I have a Brompton with the Shimano hub dynamo. Is there any way to use it to charge phones/garmins on the road ? Some way of connecting to the output ?

I have had a google search but I am not 100% I know what to look for.

Thanks
Andrew


----------



## steveindenmark (14 Feb 2019)

I have an Igaro D1 convertor that I connect to the Dynamo hub. I have piggy back connectors on the hub.

I can ride with my GPS always charging up if I want to but I actually have my power bank plugged in all the time during daylight. I usually dont charge anything at night as this does draw some power from the dynamo lights.


----------



## cisamcgu (14 Feb 2019)

@steveindenmark is this connected to the Shimano Bromton hub ? Do you have any wiring diagrams or photos ?

Thanks
Andrew


----------



## berlinonaut (17 Feb 2019)

cisamcgu said:


> I have a Brompton with the Shimano hub dynamo. Is there any way to use it to charge phones/garmins on the road ? Some way of connecting to the output ?
> 
> I have had a google search but I am not 100% I know what to look for.



You need a "thingy" that converts the output of the hub dynamo to an USB-port (with the port delivering for one the specified power and secondly offering the possiblity to plug in the devices that are to be charged via USB). Over the last years a tremendous amount of such "thingies" entered the market, with prices ranging from about 20€ to about 200€. As you would guess price is not the only difference, they also vary in efficiency, features, design and reliability. More on that in a minute.

What you should be aware of before buying such a charger are mainly four things:

1. When you charge your device you obviously make use of your dynamo hub. This means that usually you cannot use them while running with the lights on due to the limited amount of power that a hub dynamo produces. So in most cases it is either charge or lights. Not a huge issue in practice.

2. Making use of the dynamo hub for charging also means dealing with the rolling resistance of the dynamo hub in power mode constantly. Not a huge issue (and none at all with higher level hubs like the SON), but as the Bompton Shimano hub is a low level hub with relatively high rolling resistance you may notice the difference. Again not a huge issue but worth mentioning. Basically as if you would run your bikes with the lights on constantly.

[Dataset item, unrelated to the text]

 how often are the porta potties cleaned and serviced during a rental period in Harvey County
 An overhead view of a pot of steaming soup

3. As you do not travel at constant speed and even worse stop from time to time this means the power output of the dynamo hub is not constantly high enough to charge. This means that your device gets charged sometimes and sometimes not. Expect most devices to charge when you are pedaling more than 12-15 kph. Per se this is not a problem, but some garmin devices as well as some smartphones pop up a dialogue box each time and THIS is annoying. You can work around that with a small buffer battery between charger and device - you charge the battery, the battery charges the device. Some of the chargers offer a built in battery, others do not. You can also use a powerbank for that purpose but you would need one that is able to charge while it is being charged and while those do exist it is not the standard.

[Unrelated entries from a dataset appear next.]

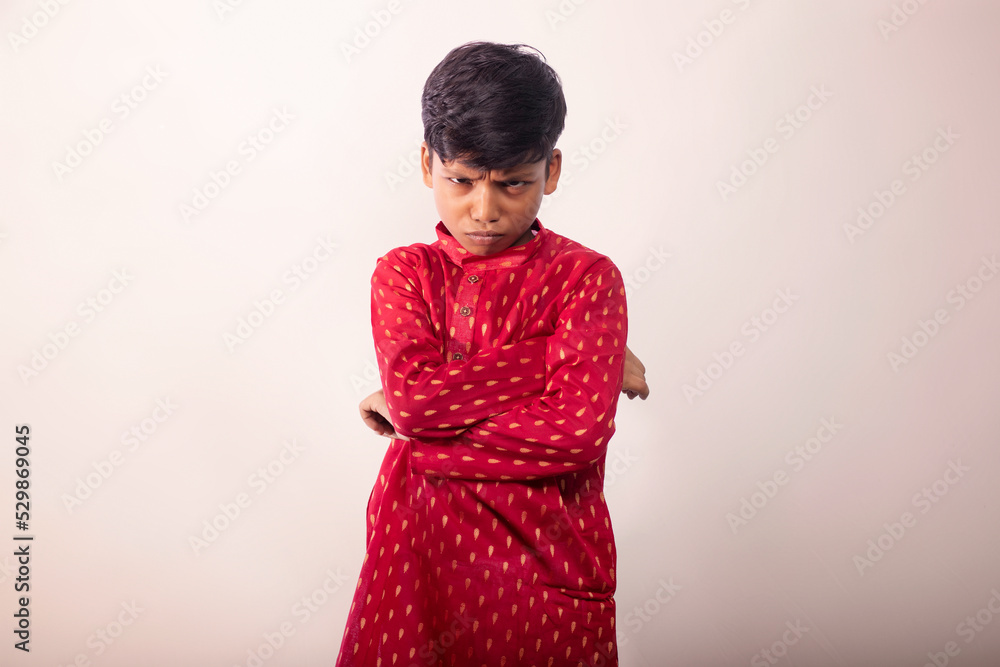 Boy wearing a traditional dress and Angry face Boy wearing a traditional dress and Angry face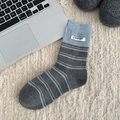 Blue and grey striped wool socks with a decorative logo tag on a soft white carpet - Medium Grey Stripe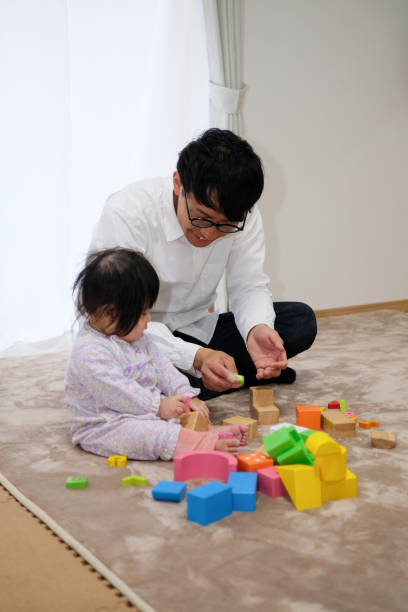 istock Father playing with baby in house 1129188158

4. As power rises with the speed you get another issue: At higher speeds (i.e. downhill) the power output of the dynamo may be too high and able to fry the electronics of your device. Not very desirable but an issue with some of the chargers. Again a buffer battery is a life safer here. Most of the higher quality chargers offer protection even w/o a buffer battery while some of the cheaper ones do not. You have been warned. 

From my experiece (mainly with an iPhone) it is possible to charge the phone while riding. It is however not a very quick process and if you are running with screen and GPS on it is even slower - you are on the safe side in this use case if you calculate with the battery staying at about the same level or charging slowly. Your can basically forget to charge camera batteries or such. In many cases a power bank is the easier an cheaper approach these days - if you use a bigger one and charge it fully at home before starting your ride it may well bring you through the day. Still the dynamo powered chargers are nice and fun and I do not regret to have bought one.

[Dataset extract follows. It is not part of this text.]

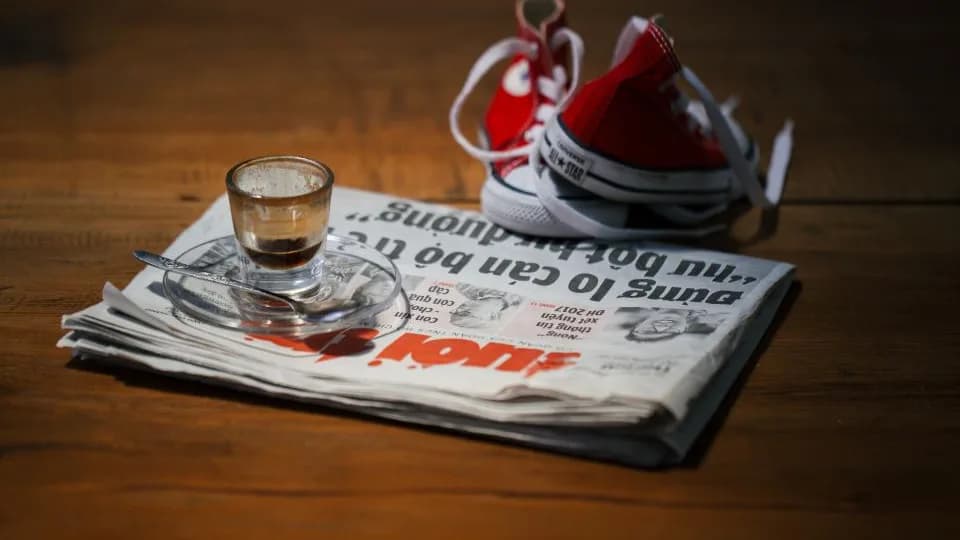 A folded newspaper on a wooden table with a cup of coffee and a pair of red shoes resting on it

Now for the actual devices. There has been a series of tests over the last years (starting in 2010) in German "Fahrradzukunft" which is a free bicycle magazine available online. As you would expect from a German test  these are sorrowfully done and very technical.  Possibly you can get an online translation with google translate or such - they are the best and most trustworthy source I know of:

https://fahrradzukunft.de/11/steckdose-unterwegs/
https://fahrradzukunft.de/12/steckdose-unterwegs-2/
https://fahrradzukunft.de/13/steckdose-unterwegs-3/
https://fahrradzukunft.de/21/steckdose-unterwegs-4/
https://fahrradzukunft.de/22/steckdose-unterwegs-5/
https://fahrradzukunft.de/26/steckdose-unterwegs-6/

Andreas Oehler who did the tests (and is a very nice guy) works as engineer at Schmidt, the makers of the SON. This may give you an impression on what to expect qualitywise...
There are even more devices on the market than are covered in these tests but they show a relevant amount of what's availble including the most common devices and a lot of less common ones as well.


----------



## HobbesOnTour (17 Feb 2019)

cisamcgu said:


> I have a Brompton with the Shimano hub dynamo. Is there any way to use it to charge phones/garmins on the road ? Some way of connecting to the output ?
> 
> I have had a google search but I am not 100% I know what to look for.
> 
> ...



Yes you can. @berlinonaut says you need a "thingy" but in the spirit of online discussions I respectfully disagree - what you need is a thingamajig

There was a recent discussion on similar here https://www.cyclechat.net/threads/charging-on-the-move.242089/

It really depends on your needs and how you will be using it. Most people (myself included) recommend using a powerbank - ie. dynamo charges powerbank, powerbank charges phone etc.
If you are just using it for day rides, then a powerbank is really all you need. If longer trips, then the dedicated thingamajig make sense. It's just a matter of picking out one that works for you. For example, dynamo lights are available with a usb port that you can plug in to.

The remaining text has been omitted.